Further, the Budget unveiled plans for a new dispute resolution committee. Taxpayers with taxable income up to INR5m (USD68,000) and with disputed liability of up to INR1m will be able to approach the committee.
With regard to indirect taxes, the Budget announced that India will phase out hundreds of customs duty exemptions, in a new duty structure to be introduced in October.
The Budget also announces a tax on exports of electronic and mobile devices of 2.5 percent, up from zero percent, and the aforementioned cut to the import tax rate on gold and silver to 7.5 percent from 12.5 percent.
In Botswana, meanwhile, the Budget was bolder, containing plans to hike the headline value-added tax rate to 14 percent from 12 percent from April 2021.
The Budget additionally contained an increase in the fuel levy to compensate for the introduction of a VAT zero rate for fuel, an increase in the withholding tax rate on dividends from 7.5 percent to 10 percent, and an increase to the personal income tax exempt threshold to BWP48,000, from BWP36,000 (USD3,280).
Indirect tax matters were on the menu in Germany, where it was announced that the seven percent reduced rate of VAT for food served by the hospitality industry will be retained until the end of 2022.
The reduced rate, which was introduced from July 1, 2020, was due to return to the headline rate (currently 19 percent) from June 30, 2021.
In Costa Rica, however, more wholesale reforms are potentially on the horizon, to which end, the Ministry of Finance issued three statements in response to concerns from taxpayers and businesses with regard to the recently announced tax reform plans, for a new tax on expensive real estate and a global income tax regime.
Under the proposals to introduce a worldwide tax system in Costa Rica, potentially from 2023, the top rate of individual income tax and the headline corporate tax rate would be 27.5 percent.

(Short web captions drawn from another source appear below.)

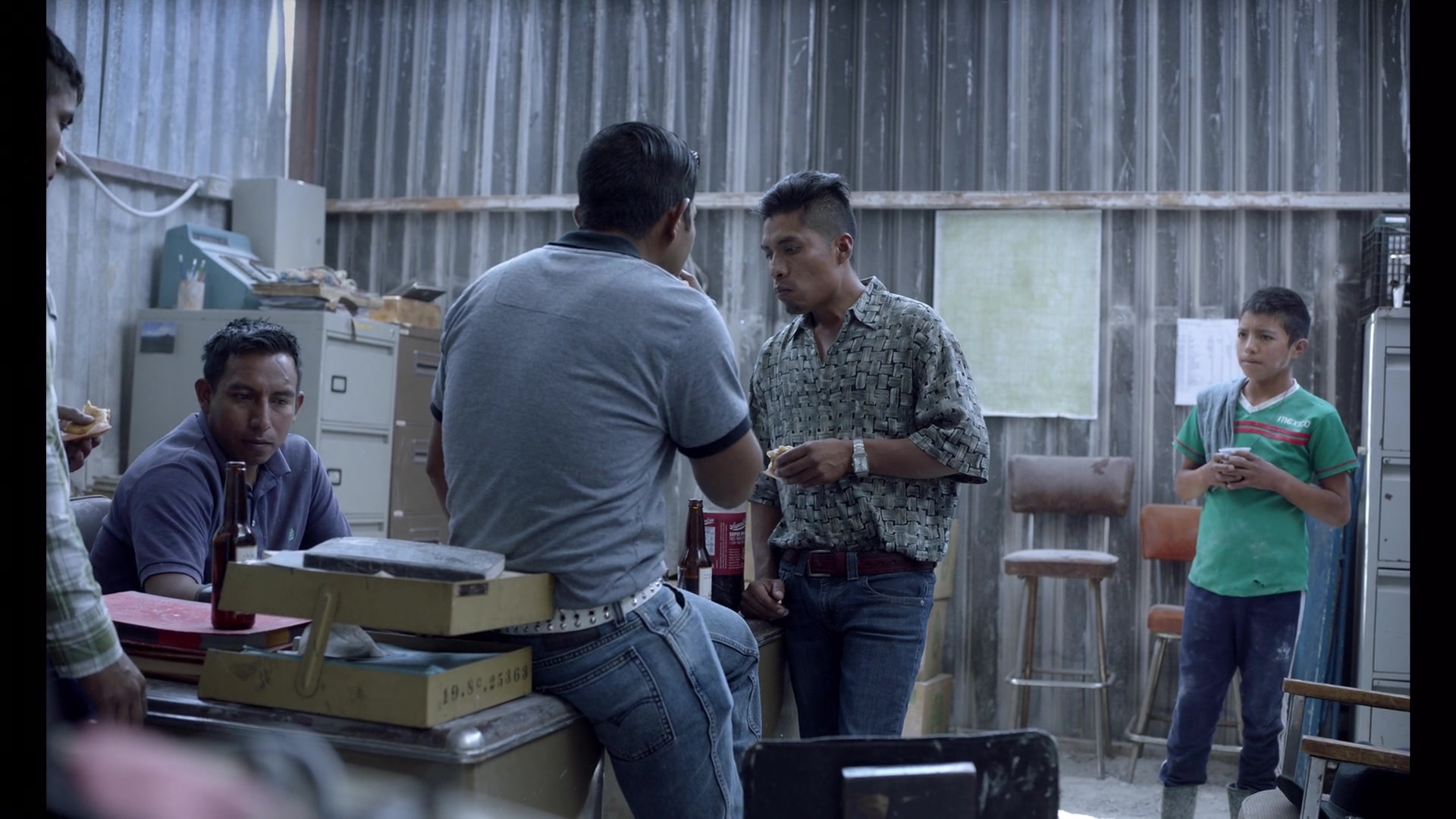 Noche de Fuego (2021), wide, 1.78:1 — film still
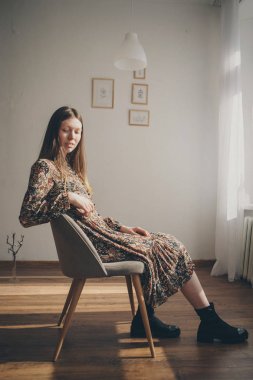 gün dinlenme kavramı, rahatlama, düşüncelilik-kız bir sandalyede oturan dinlenir. Kadının yüzünün sakin ifadesi, rahat duruşu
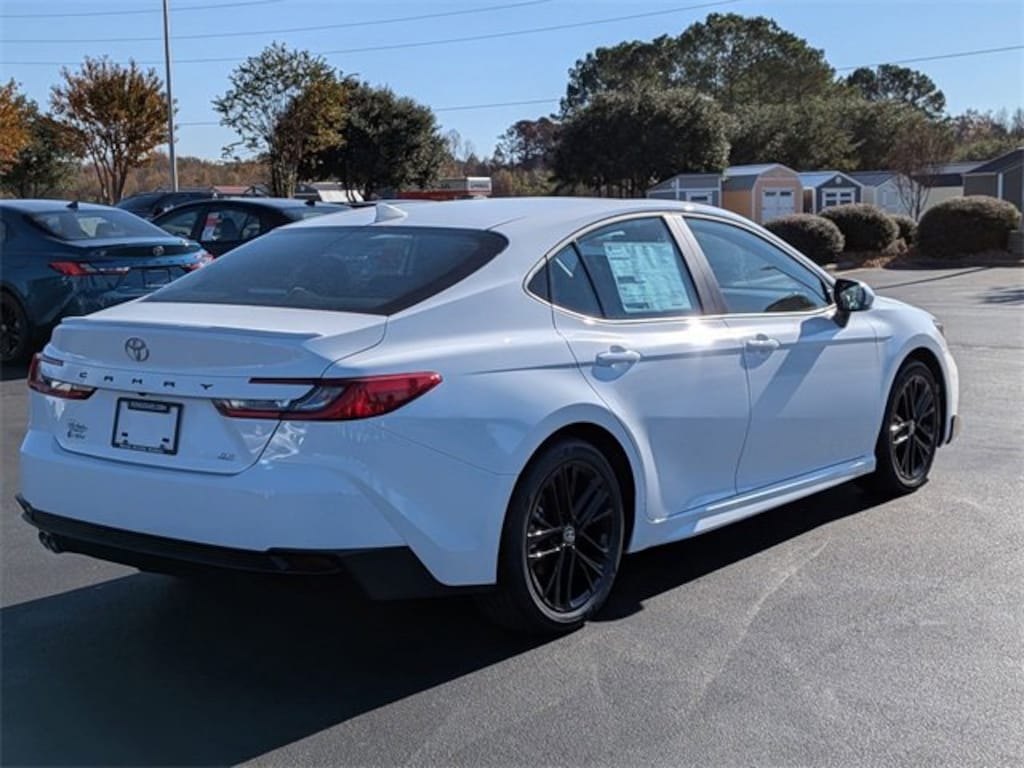 New 2026 Toyota Camry SE Sedan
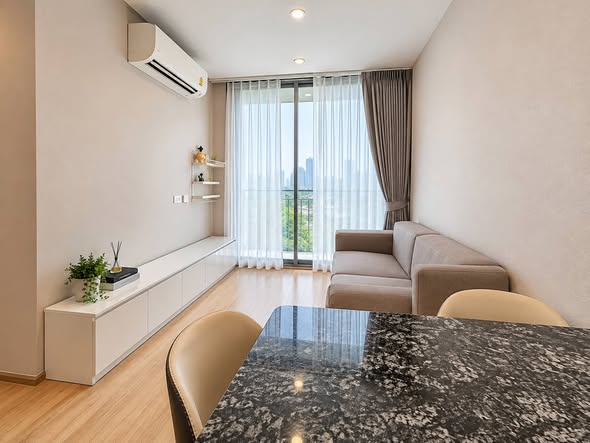 living room of Skyrise Avenue Sukhumvit 64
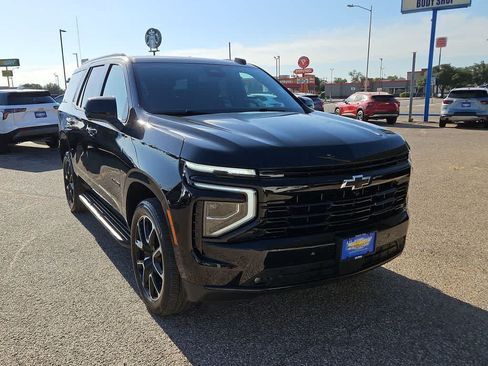 Used 2025 Chevrolet Tahoe RST AWD/4WD image 2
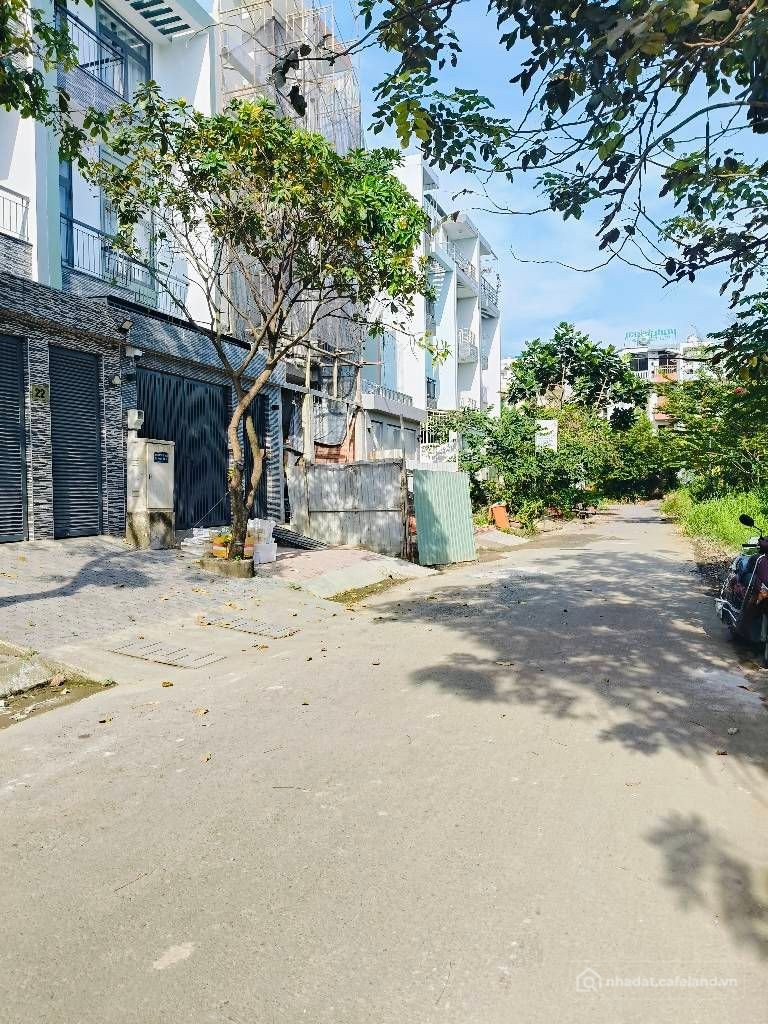 Bán nhà riêng: Mặt tiền KDC Intresco đường Phạm Hùng giáp QL50 Hiếm 5x20 Phân lô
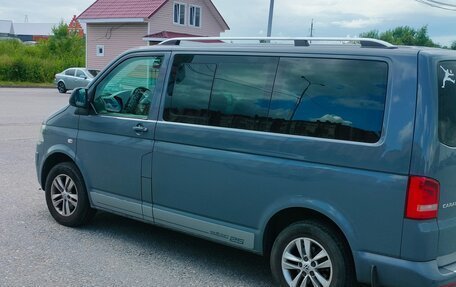 Volkswagen Caravelle T5, 2012 год, 1 600 000 рублей, 2 фотография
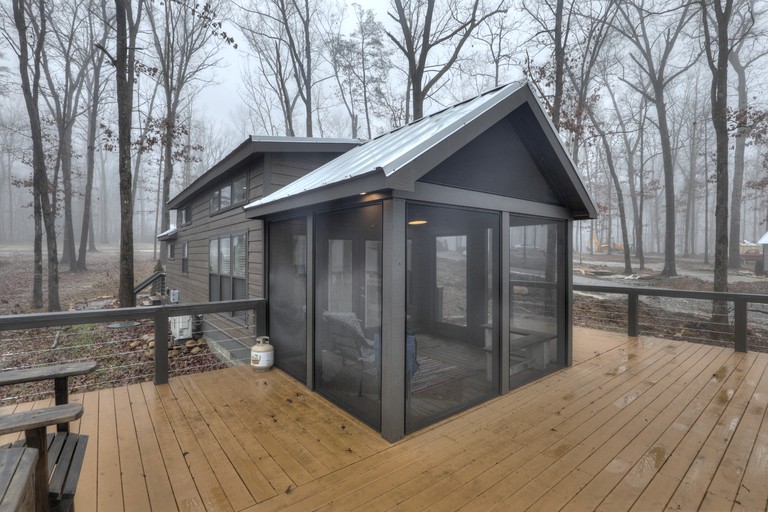 Cabins (United States of America, Tracy City, Tennessee)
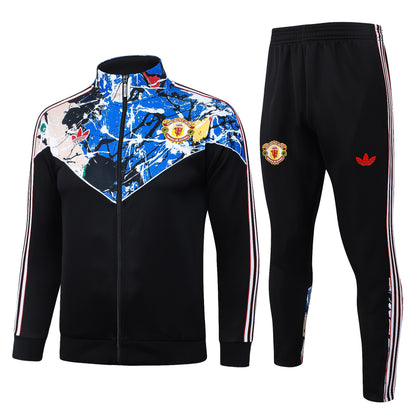 Conjunto de treino Manchester United 26/27 da Velukz, com camisola e calças, em tecido confortável e design oficial do clube.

Presently, the corporate tax rate is 30 percent and the top individual tax rate is 25 percent. A progressive individual income tax scale is proposed for lower-paid taxpayers, with the tax-exempt allowance proposed to be set at CRC8.2m (USD13,400), exempting some 70 percent of income earners from tax.
The Government explained that establishing a single rate of tax for all categories of earned income would prevent persons from trying to recharacterize their income to reduce their tax bills, but clarified that the tax rules for pensions income will remain unchanged, and further confirmed that companies in free trade zones would continue to be covered by the exemptions provided under that regime.
Commenting on the new tax on high-value properties, which would be introduced in place of the current solidarity tax regime, and levied at a 0.5 percent rate annually on properties valued at about CRC150m (USD244,000), the Ministry said the tax would apply only to property for residential, occasional, or recreational use, flagging up a significant number of exclusions from the planned new tax, and pointing out that just two percent of real property in the country currently has a registry value of more than CRC150m.